‎Fiji election‬ potential outcomes:

1. Fiji First win
a. SODELPA may be able to call on military chiefs including Tikoitoga to overthrow Bainimarama and suppress his supporters within the military (it will be a replay of 2000 but Bainimarama on the mutinying side, as it were); this is possible, given the complex and often shifting web of Fijian allegiances
b. Bainimarama wins democratic mandate, as Rabuka did in his first elections after implementing the 1987 coup

2. SODELPA win
a. Bainimarama’s allies in the military may be able to whip up rank-and-file support using the concept of the vanua, and overthrow the elected government
b. Fiji returns to pre-2006 coup political landscape, in terms of replicating Rabuka’s affirmative action programmes of the 1990s and Qarase’s blueprint – the issue with this is not that it is pro-indigenous, but whether it delivers the outcomes it purports (this didn’t happen in the 1990s)

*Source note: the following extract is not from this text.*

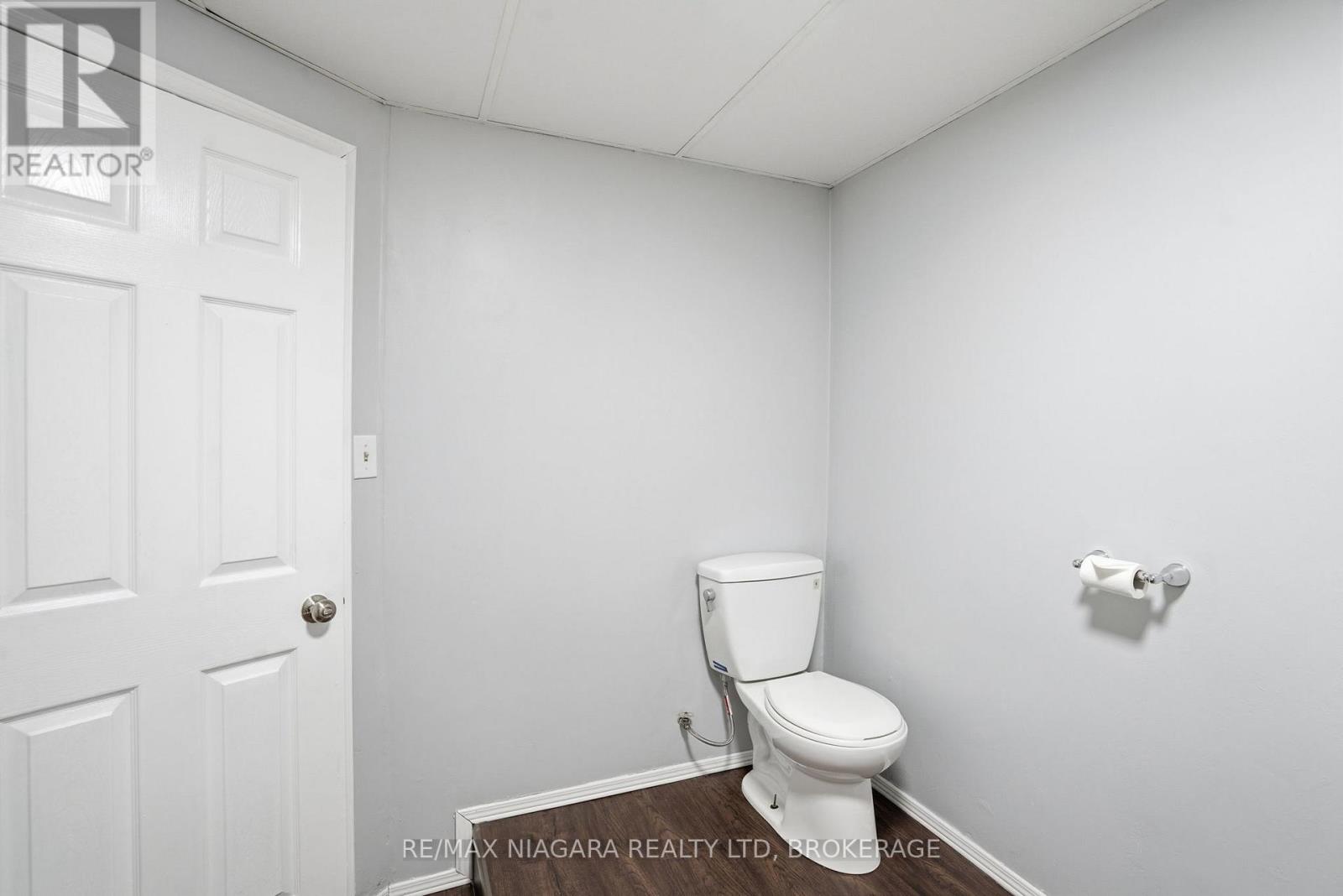 64 Page Street, St. Catharines, Ontario  L2R 4A7 - Photo 27 - X12888786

Bearing in mind, that either (1) or (2) will perhaps likely involve coalition with some minor parties, which historically is not pre-disposed to creating political stability in Fiji.

Also, let’s remember that return and transition to democracy is really not the issue here. That the elections have taken place using a single national constituency, open list proportional representation voting, one-person/one-vote is the democratic win, quite frankly.

What remains after these feverish 24 hours is the same basic issue that has always tormented Fiji politics: land. Fiji is relatively young as an independent state, in its fifth decade. It’s not new to multi-culturalism, but has a heritage created by the British in which ethnic strife was fundamental to divide-and-rule; and in addition it cannot isolate itself from larger international discourses, such as those of indigenous right on one hand and human rights and social justice and democracy on the other.

Fiji’s future is far from certain. Those who have called her home – whether the cherished iTaukei or descendants of settler communities or researchers like myself and other colleagues who have spent only a few years at most among the people of Fiji – wish only that Fiji and her people find peace.